O bicho homem
QUANDO EU ERA MIÚDA, OS MEUS PAIS arrendavam uma casa durante o Verão — e eu, que fazia anos nas férias grandes (nesse tempo, só começava a cheirar a lápis e cadernos novos lá para Outubro), tinha direito a festa, mas não à presença das amigas da escola. Para me compensar, chamavam-me para escolher o peru que seria servido ao jantar de uma fila interminável de animais vivos que um senhor com um pau conduzia rua fora ao som de gluglus. O facto de eu saber que a seguir iam embebedar o animal e torcer-lhe o pescoço (não que eu assistisse a tais manobras) era uma coisa que pura e simplesmente não me ocorria.
Numa dessas casas alugadas «à época», como na altura se dizia, havia uma grande capoeira onde uma ninhada de pintainhos fez as minhas delícias em certo Verão. A senhoria deixou-me então baptizar um deles e ser sua dona durante as férias e, nessas semanas, o meu Zé tornou-se um franguinho branco e bem-parecido. Porém, quando no ano seguinte voltámos à casa e perguntei por ele, o silêncio dos adultos disse tudo: o pobrezinho acabara provavelmente na panela de alguma canja. Não derramei, mesmo assim, demasiadas lágrimas: sabia desde tenra idade que os homens se alimentam há séculos de outros animais.

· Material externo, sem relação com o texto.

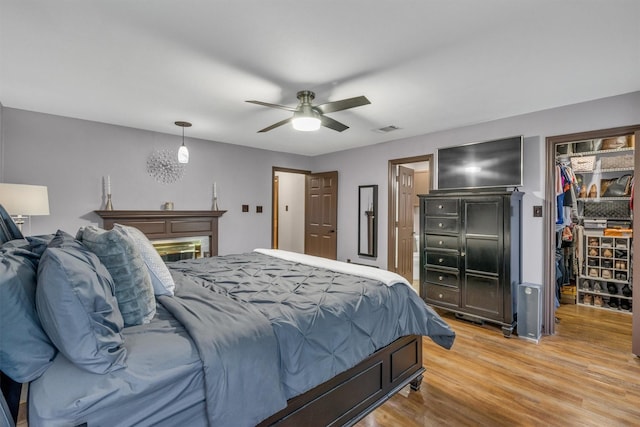 bedroom with a spacious closet, light wood-type flooring, a closet, and a ceiling fan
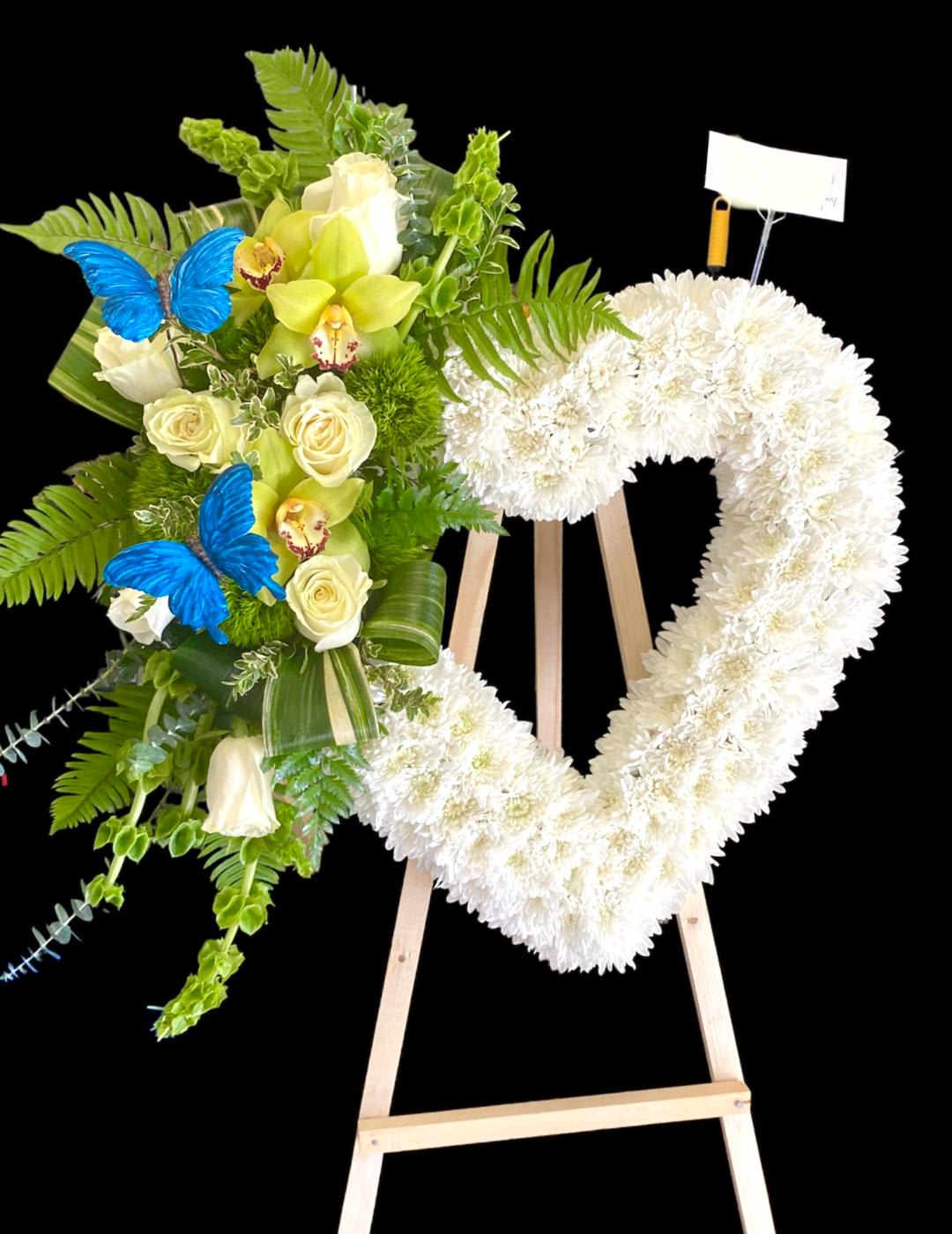 Heart-shaped white floral wreath on an easel beside a green and white bouquet with blue butterflies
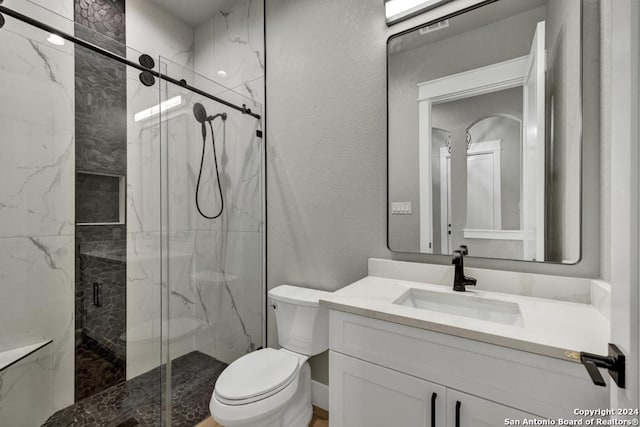 bathroom featuring a shower with door, vanity, and toilet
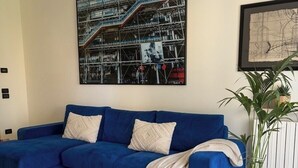 A living room with a blue sectional sofa, a patterned rug, a large abstract painting, and a potted plant. - Welcome to our vacation home, "Azzurro Garda🩵," in Sirmione! (Sirmione)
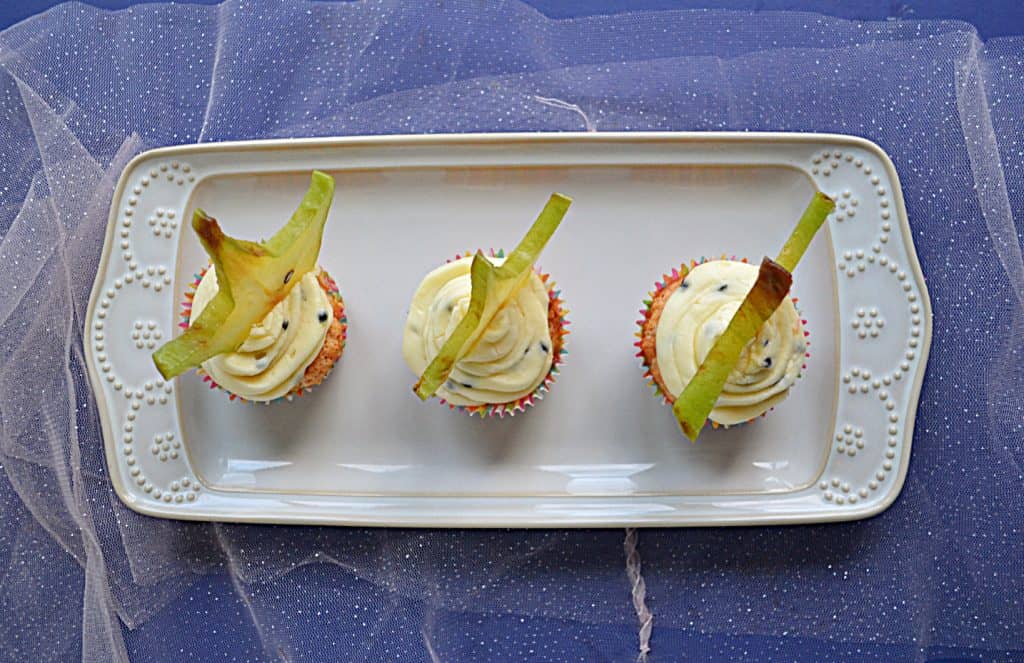 A plate with 3 Tropical Cupcakes topped with a slice of star fruit.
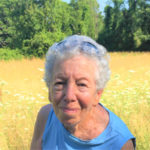 Anka Angrist on a nature walk in front of a field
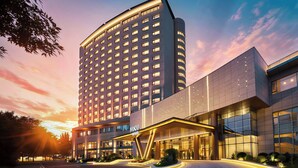 A modern hotel with a prominent entrance, multiple floors, and a well-lit facade. - voco Beijing Temple of Heaven by IHG (Beijing)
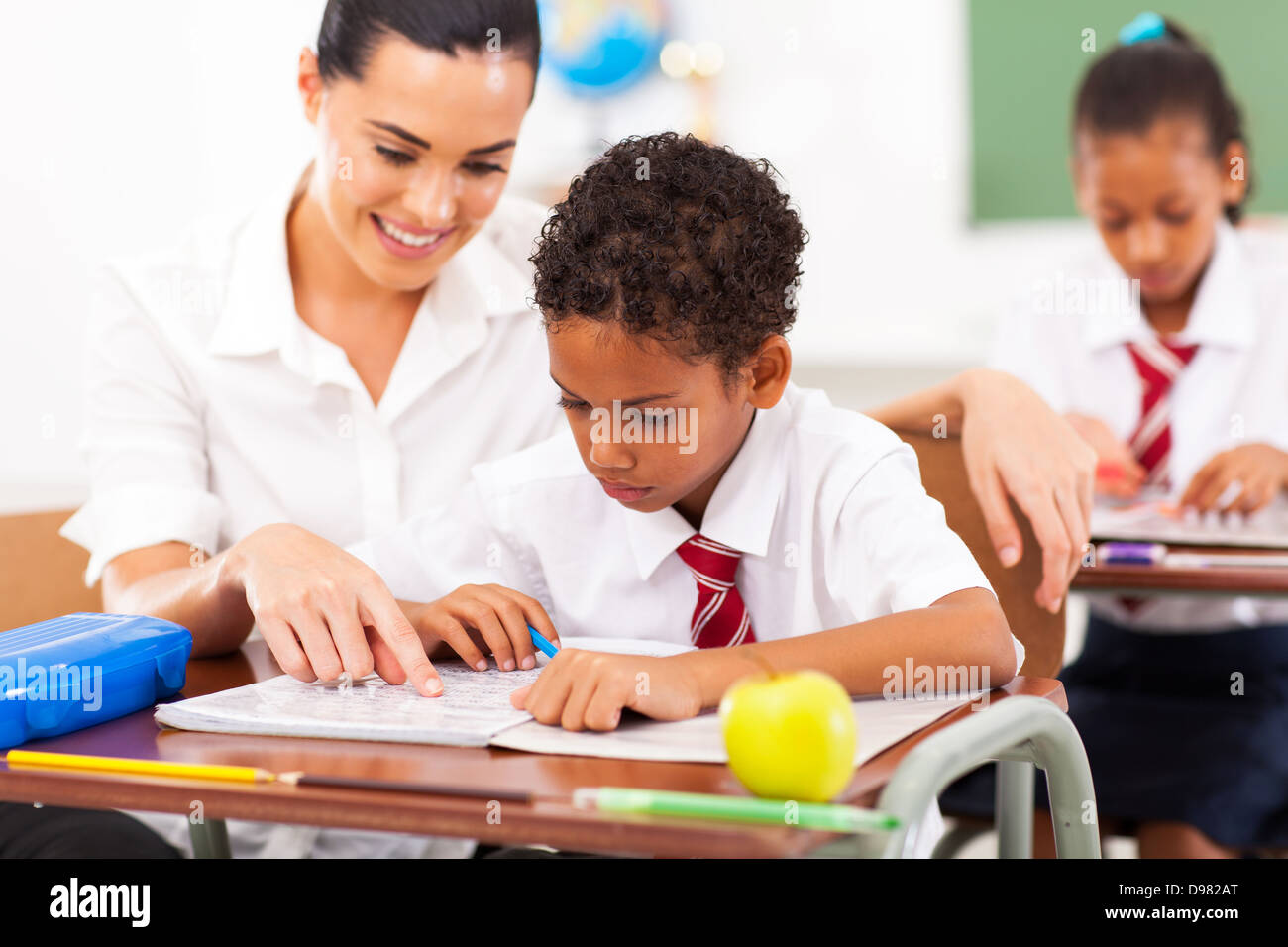 Caring insegnante di scuola elementare aiutare lo studente in aula Foto Stock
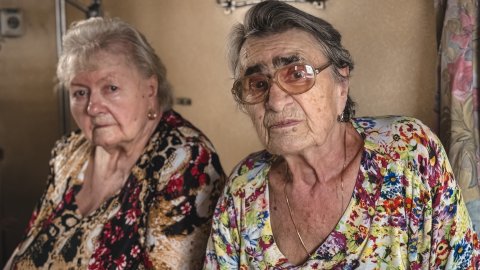 Två äldre kvinnor tittar in i kameran och ser bekymrade ut.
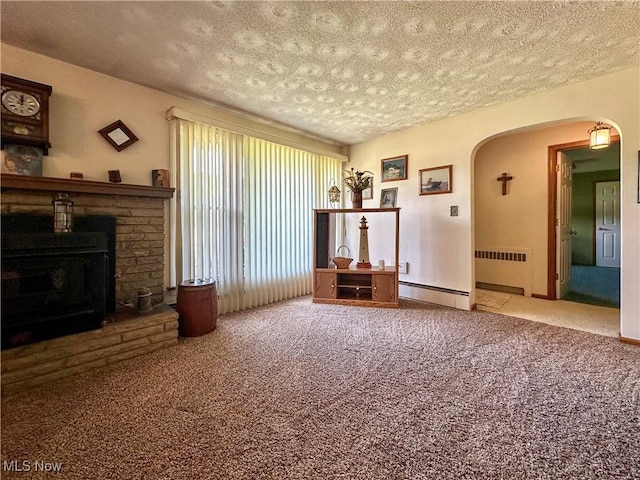 2308 Bears Den Rd, Youngstown, OH 44511 - carpeted living room with radiator, a textured ceiling, arched walkways, a stone fireplace, and baseboard heating
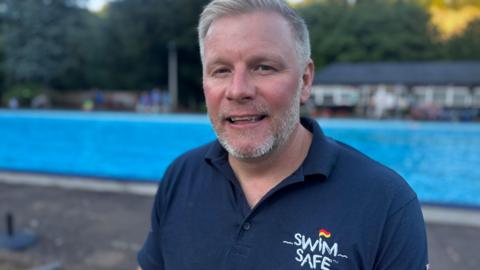 Scott Clayton, in a Swim Safe polo shirt, stood in front of New Bath Lido, looking at the camera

Tirando as condições terríveis com que certas espécies são criadas, tratadas e transportadas — que obviamente condeno —, tenho para mim que bicho é bicho e gente é gente, mesmo quando o animal de estimação é o nosso («Ai, parecia mesmo uma pessoa») ou quando dou o nome de José a um frango. Como tal, irrita-me um certo fundamentalismo na defesa dos direitos dos animais (já há quem reprove a leitura de Moby Dick, haja paciência…) quando os nossos mais velhos — aqueles que, segundo George Steiner, «cometem o crime de viver demasiado» — são abandonados tantas vezes à sua sorte pelas mesmas famílias que tratam como reis cão e gato. Por isso, um dia destes arrebitei a orelha (à cão) quando, numa dessas impessoais Praças da Alimentação de um qualquer centro comercial (cada um tem o que merece), um jovem casal analisava, na mesa ao lado, o orçamento familiar, perguntando-se se poderia pagar um «Day Care» (que interpretei precipitadamente como «Centro de Dia») ao Amadeu, para que não passasse tanto tempo sozinho. Imaginei que esse Amadeu solitário fosse um tio-avô sem filhos, recém-viúvo, que precisasse com urgência de cuidados e companhia; mas, ouvindo a conversa até ao fim, entendi que afinal se tratava de um cachorro mimado e choramingas que ia custar duzentos euros mensais aos donos para ser passeado e posto a fazer chichi duas vezes por dia. Adeus, futuro.